Ukrayna savaşı hakkında Trump’ın seçim vaadi, bu savaşı 24 saat içinde bitirmekti. Sinan Ülgen, “Türkiye, hem Trump ile, hem de [Rusya Devlet Başkanı Vladimir] Putin ve [Ukrayna Cumhurbaşkanı Volodimir] Zelenski ile kurduğu yüksek düzeyli siyasi ilişkiler sayesinde bir diplomatik rol oynamaya devam edebilir” diyor. Türkiye, 2022 yılında Rusya, Ukrayna ve BM’nin parçası olduğu “Tahıl Koridoru” olarak bilinen müzakerelere ev sahipliği yapmıştı. Taraflar Temmuz 2022’de bir anlaşma sağladı ve İstanbul’da imzalar atıldı. Ancak, Rusya, ihracat engellerinin kaldırılmamasını gerekçe göstererek Temmuz 2023’te anlaşmadan çekildi.
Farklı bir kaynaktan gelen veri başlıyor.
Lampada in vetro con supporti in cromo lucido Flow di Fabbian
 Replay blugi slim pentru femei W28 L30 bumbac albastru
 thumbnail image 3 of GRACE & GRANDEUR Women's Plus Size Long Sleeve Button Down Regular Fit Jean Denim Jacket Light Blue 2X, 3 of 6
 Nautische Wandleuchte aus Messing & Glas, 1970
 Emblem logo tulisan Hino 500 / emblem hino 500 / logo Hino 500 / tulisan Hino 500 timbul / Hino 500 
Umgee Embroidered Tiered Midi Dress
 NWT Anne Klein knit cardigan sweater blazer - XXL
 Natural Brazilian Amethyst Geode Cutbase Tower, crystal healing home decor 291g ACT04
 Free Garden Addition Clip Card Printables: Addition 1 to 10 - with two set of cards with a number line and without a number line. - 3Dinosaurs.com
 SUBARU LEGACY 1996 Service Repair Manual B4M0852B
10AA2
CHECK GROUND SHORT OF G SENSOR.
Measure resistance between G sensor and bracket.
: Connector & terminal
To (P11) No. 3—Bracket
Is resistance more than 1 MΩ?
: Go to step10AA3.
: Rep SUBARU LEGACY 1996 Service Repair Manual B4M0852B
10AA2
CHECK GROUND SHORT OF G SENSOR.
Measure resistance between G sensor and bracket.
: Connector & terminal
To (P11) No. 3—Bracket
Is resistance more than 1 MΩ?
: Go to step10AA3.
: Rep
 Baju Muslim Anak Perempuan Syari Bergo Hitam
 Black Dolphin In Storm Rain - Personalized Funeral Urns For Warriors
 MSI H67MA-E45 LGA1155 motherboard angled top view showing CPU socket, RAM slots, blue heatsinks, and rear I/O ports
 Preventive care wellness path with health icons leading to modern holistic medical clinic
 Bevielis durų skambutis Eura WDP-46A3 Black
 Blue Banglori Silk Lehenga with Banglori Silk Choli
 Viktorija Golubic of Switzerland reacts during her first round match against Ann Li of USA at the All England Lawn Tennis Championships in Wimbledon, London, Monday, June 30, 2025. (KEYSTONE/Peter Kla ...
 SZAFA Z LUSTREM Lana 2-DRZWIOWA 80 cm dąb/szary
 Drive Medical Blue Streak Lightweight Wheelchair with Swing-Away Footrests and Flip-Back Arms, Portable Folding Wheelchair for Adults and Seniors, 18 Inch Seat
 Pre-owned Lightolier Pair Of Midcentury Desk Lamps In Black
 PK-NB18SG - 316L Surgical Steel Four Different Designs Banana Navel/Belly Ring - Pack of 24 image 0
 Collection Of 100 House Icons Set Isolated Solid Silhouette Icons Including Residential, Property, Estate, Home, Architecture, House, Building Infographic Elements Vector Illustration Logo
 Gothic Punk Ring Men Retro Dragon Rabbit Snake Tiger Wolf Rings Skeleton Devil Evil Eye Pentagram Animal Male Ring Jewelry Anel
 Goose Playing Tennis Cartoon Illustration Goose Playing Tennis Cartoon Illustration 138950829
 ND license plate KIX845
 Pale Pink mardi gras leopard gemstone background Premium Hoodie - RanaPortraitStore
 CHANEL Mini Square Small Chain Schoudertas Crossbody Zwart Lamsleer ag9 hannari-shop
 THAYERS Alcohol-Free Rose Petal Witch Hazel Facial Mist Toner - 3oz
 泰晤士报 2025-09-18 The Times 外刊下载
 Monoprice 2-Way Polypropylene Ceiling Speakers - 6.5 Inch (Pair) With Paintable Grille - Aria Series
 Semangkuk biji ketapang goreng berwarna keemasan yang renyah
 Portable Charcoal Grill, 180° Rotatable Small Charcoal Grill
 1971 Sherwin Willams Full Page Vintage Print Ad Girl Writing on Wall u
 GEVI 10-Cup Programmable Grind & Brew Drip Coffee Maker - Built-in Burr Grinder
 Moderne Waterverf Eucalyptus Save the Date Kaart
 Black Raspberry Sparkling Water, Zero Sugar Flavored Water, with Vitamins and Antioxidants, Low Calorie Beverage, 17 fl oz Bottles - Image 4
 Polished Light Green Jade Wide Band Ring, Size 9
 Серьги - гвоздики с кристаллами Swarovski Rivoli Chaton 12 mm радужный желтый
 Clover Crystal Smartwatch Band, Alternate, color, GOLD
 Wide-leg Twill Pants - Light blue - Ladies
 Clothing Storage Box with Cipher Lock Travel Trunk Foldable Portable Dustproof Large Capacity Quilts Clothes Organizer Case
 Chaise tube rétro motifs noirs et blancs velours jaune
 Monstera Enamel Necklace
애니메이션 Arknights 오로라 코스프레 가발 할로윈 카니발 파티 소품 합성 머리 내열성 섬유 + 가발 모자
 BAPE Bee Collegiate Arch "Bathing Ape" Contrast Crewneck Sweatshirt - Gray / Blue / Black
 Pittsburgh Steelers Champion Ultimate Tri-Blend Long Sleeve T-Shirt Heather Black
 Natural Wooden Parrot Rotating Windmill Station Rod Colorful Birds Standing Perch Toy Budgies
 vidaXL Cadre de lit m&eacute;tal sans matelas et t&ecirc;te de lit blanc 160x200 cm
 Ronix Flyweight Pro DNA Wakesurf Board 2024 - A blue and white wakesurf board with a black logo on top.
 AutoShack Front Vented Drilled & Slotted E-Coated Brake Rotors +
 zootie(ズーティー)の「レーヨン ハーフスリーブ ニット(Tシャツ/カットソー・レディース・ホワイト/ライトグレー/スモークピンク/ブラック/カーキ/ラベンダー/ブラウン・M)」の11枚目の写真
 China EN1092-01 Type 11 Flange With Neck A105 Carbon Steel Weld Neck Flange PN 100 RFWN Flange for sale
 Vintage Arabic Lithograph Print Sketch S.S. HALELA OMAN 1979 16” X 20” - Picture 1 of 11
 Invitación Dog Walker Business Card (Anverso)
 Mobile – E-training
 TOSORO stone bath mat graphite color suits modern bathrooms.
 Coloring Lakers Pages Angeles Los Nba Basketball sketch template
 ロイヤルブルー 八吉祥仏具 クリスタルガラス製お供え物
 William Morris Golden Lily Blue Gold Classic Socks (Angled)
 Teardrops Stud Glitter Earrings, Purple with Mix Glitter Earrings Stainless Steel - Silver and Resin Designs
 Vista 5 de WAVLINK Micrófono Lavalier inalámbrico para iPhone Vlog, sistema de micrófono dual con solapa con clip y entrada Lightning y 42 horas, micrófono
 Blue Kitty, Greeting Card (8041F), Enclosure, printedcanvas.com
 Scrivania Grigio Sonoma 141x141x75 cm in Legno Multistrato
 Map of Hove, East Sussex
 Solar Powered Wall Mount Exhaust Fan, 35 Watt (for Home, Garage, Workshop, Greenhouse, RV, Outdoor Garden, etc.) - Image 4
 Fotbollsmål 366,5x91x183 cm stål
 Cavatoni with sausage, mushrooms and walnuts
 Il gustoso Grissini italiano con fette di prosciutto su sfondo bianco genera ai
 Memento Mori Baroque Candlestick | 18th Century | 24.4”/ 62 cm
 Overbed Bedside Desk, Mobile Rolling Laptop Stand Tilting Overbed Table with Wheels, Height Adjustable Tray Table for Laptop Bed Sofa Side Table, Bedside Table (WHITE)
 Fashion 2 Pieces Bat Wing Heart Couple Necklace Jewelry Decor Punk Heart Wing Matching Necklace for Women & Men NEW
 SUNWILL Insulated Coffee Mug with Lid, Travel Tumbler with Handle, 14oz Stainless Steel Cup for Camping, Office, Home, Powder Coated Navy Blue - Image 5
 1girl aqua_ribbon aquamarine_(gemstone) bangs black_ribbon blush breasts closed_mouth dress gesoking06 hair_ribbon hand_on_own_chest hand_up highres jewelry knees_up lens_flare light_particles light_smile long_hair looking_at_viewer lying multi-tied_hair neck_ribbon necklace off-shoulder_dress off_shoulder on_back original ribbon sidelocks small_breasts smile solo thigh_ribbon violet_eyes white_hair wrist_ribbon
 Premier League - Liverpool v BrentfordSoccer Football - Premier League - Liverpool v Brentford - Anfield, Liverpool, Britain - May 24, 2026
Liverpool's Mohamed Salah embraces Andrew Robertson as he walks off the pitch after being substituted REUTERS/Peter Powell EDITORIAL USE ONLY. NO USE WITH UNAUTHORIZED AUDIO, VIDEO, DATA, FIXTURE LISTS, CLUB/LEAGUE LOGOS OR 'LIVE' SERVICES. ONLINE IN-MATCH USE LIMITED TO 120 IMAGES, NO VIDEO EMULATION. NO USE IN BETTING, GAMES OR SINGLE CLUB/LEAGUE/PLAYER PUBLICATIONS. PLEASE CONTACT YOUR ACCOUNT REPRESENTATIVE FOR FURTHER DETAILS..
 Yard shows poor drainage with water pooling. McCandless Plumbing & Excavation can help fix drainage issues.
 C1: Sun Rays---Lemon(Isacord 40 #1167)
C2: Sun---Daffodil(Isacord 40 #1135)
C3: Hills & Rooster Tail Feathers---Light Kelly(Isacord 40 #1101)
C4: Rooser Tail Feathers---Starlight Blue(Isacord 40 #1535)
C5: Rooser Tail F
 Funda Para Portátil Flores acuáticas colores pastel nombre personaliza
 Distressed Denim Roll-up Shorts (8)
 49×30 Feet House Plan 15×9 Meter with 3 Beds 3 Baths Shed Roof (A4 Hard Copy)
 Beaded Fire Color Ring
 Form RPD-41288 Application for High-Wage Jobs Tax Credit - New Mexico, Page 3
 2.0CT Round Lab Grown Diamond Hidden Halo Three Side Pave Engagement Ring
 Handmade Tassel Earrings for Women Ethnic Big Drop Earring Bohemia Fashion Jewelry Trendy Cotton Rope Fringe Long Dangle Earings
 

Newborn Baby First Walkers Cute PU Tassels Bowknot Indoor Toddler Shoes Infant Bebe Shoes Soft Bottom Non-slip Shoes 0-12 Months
Deniz Tansi, Trump’ın Ukrayna’ya askeri yardımı büyük ölçüde durdurmasını bekliyor ve savaşın bitmesi için Ankara’dan “kolaylaştırıcı” bir yardım talep edebileceğini değerlendiriyor.
NATO’ya gelince, Trump geçmişte Türkiye’nin de içinde bulunduğu NATO ittifakını eleştirmiş ve diğer müttefikleri taahhüt ettikleri savunma harcamalarını yapmamakla suçlamıştı. İkinci Trump döneminde ABD’nin NATO’ya karşı sergileyeceği tutum belirleyici olacak. Sinan Ülgen, Trump’ın NATO’yu zayıflatma politikası izlemesinin Türkiye’nin aleyhine olacağını düşünmektedir. TEPAV analisti Selim Koru ise Trump’ın Türkiye’nin NATO tutumuna dair “memnun” olduğunu düşünüyor: “Trump’ın NATO’ya dair sıkıntısı Avrupalı ülkelerin stratejik yetersizliği ile alakalıdır. Türkiye tam tersi bir yönde ilerliyor.” Yeditepe Üniversitesi’nden Deniz Tansi de Trump’ın çevresinin Türkiye’nin NATO’daki konumuna önem verdiğini vurguluyor.